Een belangrijk verschijnsel dat aangehaald werd in het empirisch onderzoek, is het zoeken naar passieve kandidaten op sociale media. Uit het empirisch onderzoek volgt dat steeds meer HR-verantwoordelijken via sociale media passieve kandidaten gaan opzoeken en hen proberen te overtuigen om bij de organisatie te komen werken. Dit vinden wij ook een belangrijke conclusie, aangezien meerdere keren naar voren is gekomen dat de HR-verantwoordelijken van plan zijn om vaker sociale media in te schakelen om passieve kandidaten aan te spreken. Uit de semi-gestructureerde interviews resulteert dat verschillende HR-verantwoordelijken sociale media gebruiken voor commerciële doeleinden en niet specifiek gericht op rekrutering. Deze bevinding komt overeen met deze van Kaur (2013) die vermeldt dat organisaties sociale media initieel gebruikten voor het promoten van goederen en diensten.

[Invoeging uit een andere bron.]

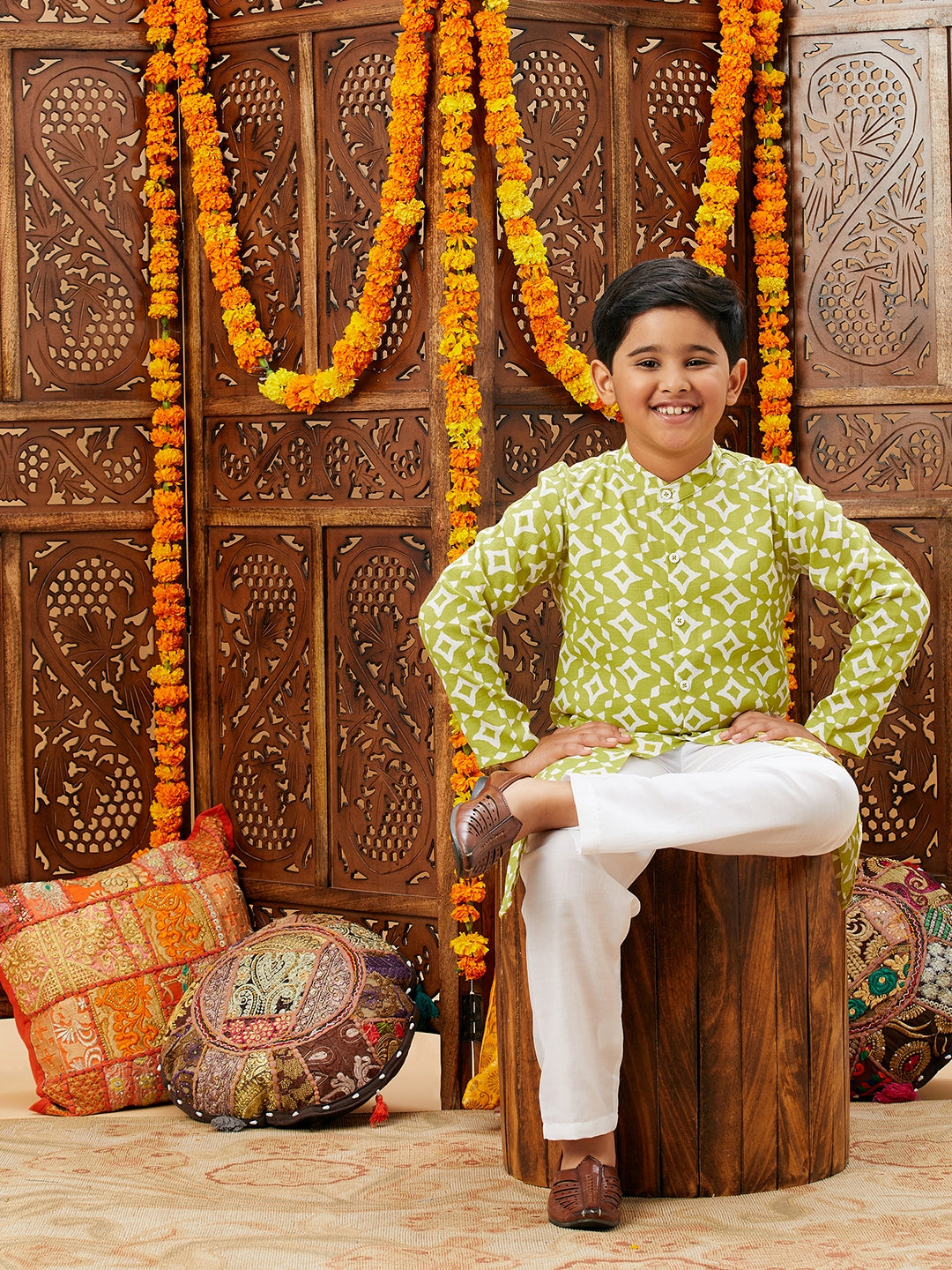 Boys Below knee Printed Kurta Set - Green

Vele HR-verantwoordelijken duiden ook op het belang van employer branding. Dit doen ze door onder andere deel te nemen aan de enquête rond “Great place to work” of door zich te profileren op sociale media. Vaak wordt dan ook door de HR-verantwoordelijken aangehaald dat sociale media gebruikt worden voor employer branding en om een positief imago te creëren. Dit is in overeenstemming met de academische literatuur (Kaur 2013; Reichenberg, 2009) waar vermeld wordt dat employer branding via sociale media vaak dient om de cultuur van de organisatie te ontwikkelen en te communiceren. Deze employer branding kan ook gelinkt worden aan een ander academisch artikel, namelijk aan het onderzoek van Van Hoye (2013b) waaruit blijkt dat het belangrijk is om een sterke employer brand te hebben, aangezien medewerkers dan refereren. Volgens dit onderzoek kan WOM en het refereren ook gebeuren via sociale media. Het empirisch onderzoek bevestigt de bevindingen uit de academische literatuur (McFarland & Ployhart, 2015; Van Hoye, 2013b).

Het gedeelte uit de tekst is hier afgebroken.